Maßgeblich an der Entstehung war Michael Harjes in 1969 beteiligt. "Es hat mit sechs Kunsthandwerkern angefangen, die an zwei bis drei Tagen ausgestellt haben. Über die Jahre ist das gewachsen, bis die ganze Halle genutzt wurde", weiß Tobias Harjes, Sohn des Hauptinitiators. Er stellt Metallkunst aus. "Damals stand ich als 15-Jähriger mit einem großen Gong draußen und habe auf die Ausstellung aufmerksam gemacht", erinnert sich der 66-Jährige. Es seien jedes Jahr nicht nur neue Kunsthandwerker hinzugekommen, sondern auch immer mehr Gäste hätten ihren Weg in die Halle gefunden.
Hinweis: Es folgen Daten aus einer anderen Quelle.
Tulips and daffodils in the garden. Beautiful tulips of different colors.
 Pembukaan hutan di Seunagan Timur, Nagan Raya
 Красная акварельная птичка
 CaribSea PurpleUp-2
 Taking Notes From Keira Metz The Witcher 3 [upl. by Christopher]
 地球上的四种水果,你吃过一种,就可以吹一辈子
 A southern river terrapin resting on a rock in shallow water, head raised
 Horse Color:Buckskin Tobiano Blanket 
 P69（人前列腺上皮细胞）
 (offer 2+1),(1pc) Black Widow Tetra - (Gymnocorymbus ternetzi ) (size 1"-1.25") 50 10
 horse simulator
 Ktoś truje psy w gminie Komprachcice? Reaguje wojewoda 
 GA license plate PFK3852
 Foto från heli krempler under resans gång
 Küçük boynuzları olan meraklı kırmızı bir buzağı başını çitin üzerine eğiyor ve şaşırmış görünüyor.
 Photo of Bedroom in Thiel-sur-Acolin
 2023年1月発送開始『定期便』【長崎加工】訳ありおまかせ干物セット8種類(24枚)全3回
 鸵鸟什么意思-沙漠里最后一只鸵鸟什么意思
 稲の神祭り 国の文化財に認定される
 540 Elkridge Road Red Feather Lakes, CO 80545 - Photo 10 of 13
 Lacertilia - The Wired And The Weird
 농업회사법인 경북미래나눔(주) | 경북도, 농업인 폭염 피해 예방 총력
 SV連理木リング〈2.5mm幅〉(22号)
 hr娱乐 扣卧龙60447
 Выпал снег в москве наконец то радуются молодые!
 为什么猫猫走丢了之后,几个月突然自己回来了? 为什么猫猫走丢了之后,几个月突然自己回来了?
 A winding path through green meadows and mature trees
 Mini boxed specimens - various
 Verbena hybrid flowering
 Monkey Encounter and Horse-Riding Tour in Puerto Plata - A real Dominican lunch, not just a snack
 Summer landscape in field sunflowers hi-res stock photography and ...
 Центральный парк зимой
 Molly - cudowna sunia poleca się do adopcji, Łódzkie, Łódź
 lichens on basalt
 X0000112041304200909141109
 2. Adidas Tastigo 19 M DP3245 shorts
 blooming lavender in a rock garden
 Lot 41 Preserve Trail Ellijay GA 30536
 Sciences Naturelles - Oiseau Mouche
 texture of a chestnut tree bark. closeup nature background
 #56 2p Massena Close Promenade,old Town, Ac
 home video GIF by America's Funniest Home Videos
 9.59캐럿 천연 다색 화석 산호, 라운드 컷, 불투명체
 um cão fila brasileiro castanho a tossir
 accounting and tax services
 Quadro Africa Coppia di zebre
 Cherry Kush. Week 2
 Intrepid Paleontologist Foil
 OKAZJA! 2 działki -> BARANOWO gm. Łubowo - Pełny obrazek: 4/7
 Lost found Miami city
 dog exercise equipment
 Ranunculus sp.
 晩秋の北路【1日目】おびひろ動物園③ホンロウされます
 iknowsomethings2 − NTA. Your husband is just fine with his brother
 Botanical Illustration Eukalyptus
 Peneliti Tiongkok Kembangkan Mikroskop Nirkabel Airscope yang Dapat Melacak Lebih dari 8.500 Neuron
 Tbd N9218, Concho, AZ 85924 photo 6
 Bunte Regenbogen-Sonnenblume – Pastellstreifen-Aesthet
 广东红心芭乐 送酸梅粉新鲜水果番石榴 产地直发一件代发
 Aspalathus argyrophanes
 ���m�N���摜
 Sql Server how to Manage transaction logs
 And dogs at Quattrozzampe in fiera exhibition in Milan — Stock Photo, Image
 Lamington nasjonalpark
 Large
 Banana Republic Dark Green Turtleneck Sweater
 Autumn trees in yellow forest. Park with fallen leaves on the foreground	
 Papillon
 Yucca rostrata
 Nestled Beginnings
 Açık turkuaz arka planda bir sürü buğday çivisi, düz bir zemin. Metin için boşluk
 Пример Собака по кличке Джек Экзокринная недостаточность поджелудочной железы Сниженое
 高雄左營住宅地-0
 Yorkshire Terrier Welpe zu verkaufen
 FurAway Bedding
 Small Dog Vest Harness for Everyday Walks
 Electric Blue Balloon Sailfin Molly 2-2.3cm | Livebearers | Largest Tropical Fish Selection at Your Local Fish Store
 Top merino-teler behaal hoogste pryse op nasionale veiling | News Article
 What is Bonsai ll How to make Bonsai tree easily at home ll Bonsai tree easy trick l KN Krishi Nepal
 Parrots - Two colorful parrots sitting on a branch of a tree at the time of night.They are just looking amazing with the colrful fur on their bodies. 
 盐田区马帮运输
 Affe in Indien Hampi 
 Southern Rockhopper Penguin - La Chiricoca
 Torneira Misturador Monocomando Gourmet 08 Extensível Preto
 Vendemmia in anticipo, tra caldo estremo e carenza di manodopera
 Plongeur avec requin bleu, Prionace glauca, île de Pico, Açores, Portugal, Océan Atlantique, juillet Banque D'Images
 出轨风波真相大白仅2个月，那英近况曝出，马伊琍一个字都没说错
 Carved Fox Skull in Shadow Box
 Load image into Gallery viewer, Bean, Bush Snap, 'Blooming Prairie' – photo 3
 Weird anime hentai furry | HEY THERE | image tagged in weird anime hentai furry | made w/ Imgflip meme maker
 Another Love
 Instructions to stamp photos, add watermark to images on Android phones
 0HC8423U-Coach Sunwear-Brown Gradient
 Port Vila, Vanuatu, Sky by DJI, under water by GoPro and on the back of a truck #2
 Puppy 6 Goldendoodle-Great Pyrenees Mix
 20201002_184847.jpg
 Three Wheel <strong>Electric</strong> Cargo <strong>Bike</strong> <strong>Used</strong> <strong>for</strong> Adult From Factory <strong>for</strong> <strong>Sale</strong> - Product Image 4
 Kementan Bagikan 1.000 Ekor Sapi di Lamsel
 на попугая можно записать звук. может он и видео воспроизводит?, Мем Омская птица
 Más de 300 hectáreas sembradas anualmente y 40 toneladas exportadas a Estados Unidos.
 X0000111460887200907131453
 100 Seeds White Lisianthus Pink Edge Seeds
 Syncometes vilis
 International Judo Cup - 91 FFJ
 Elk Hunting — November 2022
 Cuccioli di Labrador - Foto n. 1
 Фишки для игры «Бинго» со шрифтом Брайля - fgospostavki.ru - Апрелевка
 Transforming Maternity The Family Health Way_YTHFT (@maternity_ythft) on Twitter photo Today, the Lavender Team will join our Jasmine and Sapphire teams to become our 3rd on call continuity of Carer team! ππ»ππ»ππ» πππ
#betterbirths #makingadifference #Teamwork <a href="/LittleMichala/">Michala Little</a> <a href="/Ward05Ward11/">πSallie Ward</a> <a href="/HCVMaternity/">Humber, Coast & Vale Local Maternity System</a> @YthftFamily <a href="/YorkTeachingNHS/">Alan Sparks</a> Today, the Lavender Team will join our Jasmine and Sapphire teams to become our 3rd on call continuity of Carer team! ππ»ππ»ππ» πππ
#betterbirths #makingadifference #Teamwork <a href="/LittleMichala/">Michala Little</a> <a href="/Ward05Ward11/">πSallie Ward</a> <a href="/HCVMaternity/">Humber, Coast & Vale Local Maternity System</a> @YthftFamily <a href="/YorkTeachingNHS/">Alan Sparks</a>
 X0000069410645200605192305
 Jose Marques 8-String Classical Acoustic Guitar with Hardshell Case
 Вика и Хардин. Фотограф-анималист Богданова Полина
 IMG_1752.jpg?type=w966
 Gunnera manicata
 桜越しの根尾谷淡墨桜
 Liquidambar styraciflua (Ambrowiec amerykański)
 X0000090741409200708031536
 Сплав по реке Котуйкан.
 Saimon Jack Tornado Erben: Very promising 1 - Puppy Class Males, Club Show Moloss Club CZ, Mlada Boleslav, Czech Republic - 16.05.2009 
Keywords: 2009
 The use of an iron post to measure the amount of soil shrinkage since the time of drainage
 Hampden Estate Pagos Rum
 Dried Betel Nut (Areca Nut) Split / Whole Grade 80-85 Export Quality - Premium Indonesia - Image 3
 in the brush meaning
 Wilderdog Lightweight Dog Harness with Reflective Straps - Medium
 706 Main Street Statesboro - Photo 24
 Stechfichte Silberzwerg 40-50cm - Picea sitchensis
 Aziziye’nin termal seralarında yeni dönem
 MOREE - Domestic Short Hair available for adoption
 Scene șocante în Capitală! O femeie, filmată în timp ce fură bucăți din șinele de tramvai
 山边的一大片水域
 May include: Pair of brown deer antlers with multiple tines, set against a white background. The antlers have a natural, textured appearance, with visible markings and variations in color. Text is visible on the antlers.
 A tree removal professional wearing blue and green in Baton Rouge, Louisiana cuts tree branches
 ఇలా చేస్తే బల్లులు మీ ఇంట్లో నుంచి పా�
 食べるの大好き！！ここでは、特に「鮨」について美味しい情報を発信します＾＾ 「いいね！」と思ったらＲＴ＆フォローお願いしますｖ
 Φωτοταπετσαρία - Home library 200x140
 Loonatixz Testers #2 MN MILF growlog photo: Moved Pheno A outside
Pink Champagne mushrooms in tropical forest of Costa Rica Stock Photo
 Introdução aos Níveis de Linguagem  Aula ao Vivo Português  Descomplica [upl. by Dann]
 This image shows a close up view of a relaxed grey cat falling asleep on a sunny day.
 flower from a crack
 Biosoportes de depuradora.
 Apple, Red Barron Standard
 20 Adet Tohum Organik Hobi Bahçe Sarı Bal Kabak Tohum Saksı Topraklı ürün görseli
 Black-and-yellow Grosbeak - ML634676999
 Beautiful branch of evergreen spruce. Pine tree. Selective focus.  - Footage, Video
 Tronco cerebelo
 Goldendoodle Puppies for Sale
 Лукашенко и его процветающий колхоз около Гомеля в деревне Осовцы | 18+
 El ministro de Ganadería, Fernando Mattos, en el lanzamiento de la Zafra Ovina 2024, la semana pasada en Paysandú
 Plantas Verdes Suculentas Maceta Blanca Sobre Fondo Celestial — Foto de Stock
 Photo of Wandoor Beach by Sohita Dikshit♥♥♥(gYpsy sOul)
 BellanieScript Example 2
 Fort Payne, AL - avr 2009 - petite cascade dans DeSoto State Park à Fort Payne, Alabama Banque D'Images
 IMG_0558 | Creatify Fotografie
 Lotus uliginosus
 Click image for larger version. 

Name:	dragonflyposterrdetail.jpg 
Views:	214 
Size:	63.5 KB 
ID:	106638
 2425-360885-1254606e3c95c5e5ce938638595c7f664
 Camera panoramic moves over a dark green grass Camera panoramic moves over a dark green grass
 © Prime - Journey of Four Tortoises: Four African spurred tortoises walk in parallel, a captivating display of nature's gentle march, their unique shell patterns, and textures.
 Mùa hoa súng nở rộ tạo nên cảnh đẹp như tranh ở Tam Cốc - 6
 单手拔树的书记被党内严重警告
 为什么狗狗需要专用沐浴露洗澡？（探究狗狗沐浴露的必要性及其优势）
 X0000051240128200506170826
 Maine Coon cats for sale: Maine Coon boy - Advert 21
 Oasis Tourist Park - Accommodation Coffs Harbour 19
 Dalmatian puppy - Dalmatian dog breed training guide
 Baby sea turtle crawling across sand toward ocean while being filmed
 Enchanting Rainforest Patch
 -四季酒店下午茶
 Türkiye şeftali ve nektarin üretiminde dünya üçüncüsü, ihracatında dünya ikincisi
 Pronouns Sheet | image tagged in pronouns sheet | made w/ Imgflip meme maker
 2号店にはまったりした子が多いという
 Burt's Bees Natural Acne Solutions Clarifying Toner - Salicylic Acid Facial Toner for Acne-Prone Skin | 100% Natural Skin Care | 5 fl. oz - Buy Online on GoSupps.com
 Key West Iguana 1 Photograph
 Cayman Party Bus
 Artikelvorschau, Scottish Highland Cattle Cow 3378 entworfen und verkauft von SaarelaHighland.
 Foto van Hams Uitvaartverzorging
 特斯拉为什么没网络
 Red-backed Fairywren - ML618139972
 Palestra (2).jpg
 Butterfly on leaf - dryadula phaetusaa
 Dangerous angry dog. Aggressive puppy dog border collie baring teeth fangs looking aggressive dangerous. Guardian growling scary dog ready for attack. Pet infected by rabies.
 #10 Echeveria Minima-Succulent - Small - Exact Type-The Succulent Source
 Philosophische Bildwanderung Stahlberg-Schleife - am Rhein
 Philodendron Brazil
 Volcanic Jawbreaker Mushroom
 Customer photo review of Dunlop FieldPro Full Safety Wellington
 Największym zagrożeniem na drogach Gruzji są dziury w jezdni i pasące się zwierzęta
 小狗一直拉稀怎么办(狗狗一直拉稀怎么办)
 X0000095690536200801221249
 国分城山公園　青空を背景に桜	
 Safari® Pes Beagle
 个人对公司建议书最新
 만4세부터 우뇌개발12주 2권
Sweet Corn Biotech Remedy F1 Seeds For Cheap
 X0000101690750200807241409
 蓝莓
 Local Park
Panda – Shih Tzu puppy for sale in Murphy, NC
Bernd Lichtenstein präsentiert seine Kunst aus Glas auf der Weihnachtsausstellung der Bremer Kunsthandwerker.
"Täglich besuchen uns zwischen 2000 und 4.000 Gäste", schätzt Harjes. Die Symbiose mit dem Weihnachtsmarkt direkt vor der Tür würde die hohen Besucherzahlen begünstigen. Doch es könnte bald Schluss sein: "Es soll bekanntlich ein Weltkulturerbe-Informationszentrum entstehen", sagt Alber. Das ist, wie berichtet, bereits seit einigen Jahren in Planung. 2025 soll es mit dem Umbau losgehen. Die Umnutzung der Räume steht in starker Kritik – nicht nur seitens der Kunsthandwerker, sondern auch seitens vieler Bremerinnen und Bremer. "Es gibt keinen passenden Ersatzraum, um die Tradition fortzuführen", bedauert Alber.
In den Kirchengemeinden dürften sie ihre Stücke nicht verkaufen. "Beim Focke-Museum dürfen wir nur den Außenbereich nutzen", sagt Alber. Es laufe darauf hinaus, dass die Künstler ab dem kommenden Jahr sich nicht mehr gebündelt an einem Ort präsentierten. "Jeder kämpft dann für sich und muss sich seinen Raum suchen", führt Albers aus. Die Halle als "Ort der Würdigung" würde verschwinden und für den Tourismus Platz machen.
So weit müsse es nicht kommen, darin sind sich Alber und Harjes einig. Die Untere Rathaushalle könnte doch künftig beides vereinen: ein Informationszentrum für Touristen und eine Halle für die Bürger, in der weiter Ausstellungen möglich wären – im vorderen Bereich der museale Charakter, im hinteren Teil wechselnde Ausstellungen und eben der Kunsthandwerkermarkt.

Martin Wilmes präsentierte seine Kunst aus Holz seit nunmehr 23 Jahren auf dem Markt in der Unteren Rathaushalle.
"Die Halle ist als Markt gedacht, um ins Gespräch zu kommen", sagt etwa Bernd Lichtenstein, der als Aussteller, seit 25 Jahren Glas-Kunst präsentiert. Und Harjes findet: "Aus der Halle könnte noch mehr gemacht werden, wenn die Stadt den Ort als zentralen Platz bewerben würde." Gespräche mit Vertretern der Stadt hätten vor allem ein Gefühl bestärkt: "Es wird über die Köpfe der Bürger hinweg entschieden", fasst Martin Wilmes, der als Kunsthandwerker seine Holzarbeiten präsentiert.
"Mit dem Aus des Marktes stirbt auch das Wissen der Kunsthandwerker", findet Alber. Noch aber habe sie die Hoffnung, dass es den Kunsthandwerkermarkt auch im kommenden Jahr noch gebe, nicht ganz aufgegeben.